What Montgomery is facing now in what might be her last days is not exceptional: Prison is a place of deprivation and abuse. But the coercive power of the carceral state can be seen, too, in how it constrains our ability to imagine alternatives. “No one is arguing that Lisa Montgomery should be freed from prison,” Snyder wrote in her New York Times opinion piece. But why shouldn’t they? “We can oppose her execution without accepting the lifelong incarceration of someone with severe mental illness,” countered Liliana Segura, a longtime death penalty reporter who has attended each federal execution this year, on Twitter, when Snyder’s piece was published. Saving Montgomery’s life now is not and does not have to be the limit of justice.

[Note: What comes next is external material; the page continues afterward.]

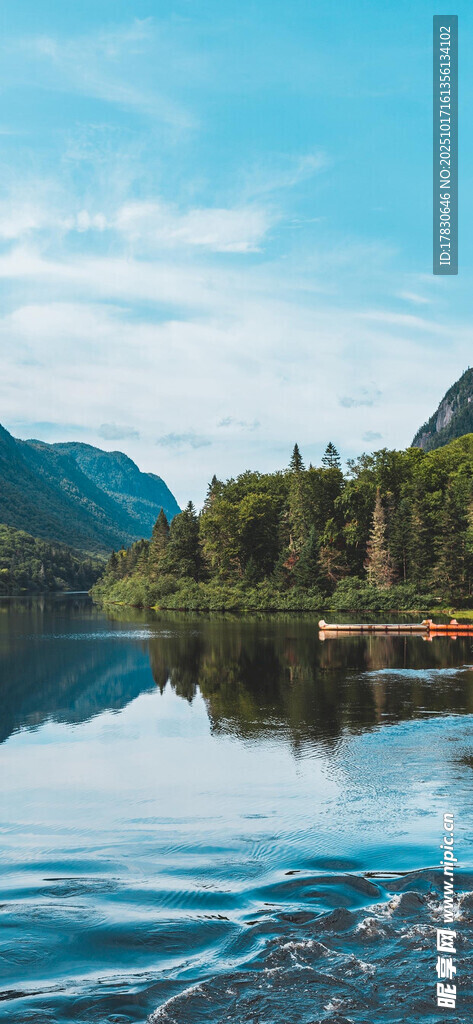 宁静山水湖景图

Perhaps accepting Montgomery’s lifelong imprisonment is a pragmatic choice more than a heartfelt position, a kind of acknowledgment that the justice system may not have much else to offer Montgomery or a strategic concession from which to argue that her execution be halted. The stakes of a death penalty case could not be higher. But that’s not a reason to prevent us from also imagining what a more humane response would be.
“It is almost impossible for me to think about the level and the commitment to treatment that Lisa would need to reach anything that we could call healing,” said Leigh Goodmark, law professor at the University of Maryland Francis King Carey School of Law and author of Decriminalizing Domestic Violence: A Balanced Policy Approach to Intimate Partner Violence, in a press call on Tuesday. Any treatment would have to, at a minimum, “accept this history of trauma and not question the underlying basis for her actions.” It would have to focus on “helping her to deal with the PTSD and dissociative disorder that continue to plague her and make her unfit for execution.”
Fundamentally, however, that is not something a prison is designed to do. “I have to imagine that many of the things Lisa experiences on a daily basis being incarcerated serve as triggers to that continued trauma,” Goodmark said. “I don’t think it’s an ideal treatment setting for anyone, and I think it would be particularly challenging for her, but I think it’s something we should be committed to.”
A reprieve from death should be just the beginning for Lisa Montgomery. What comes after for a life spared? We can demand more than the state’s mercy.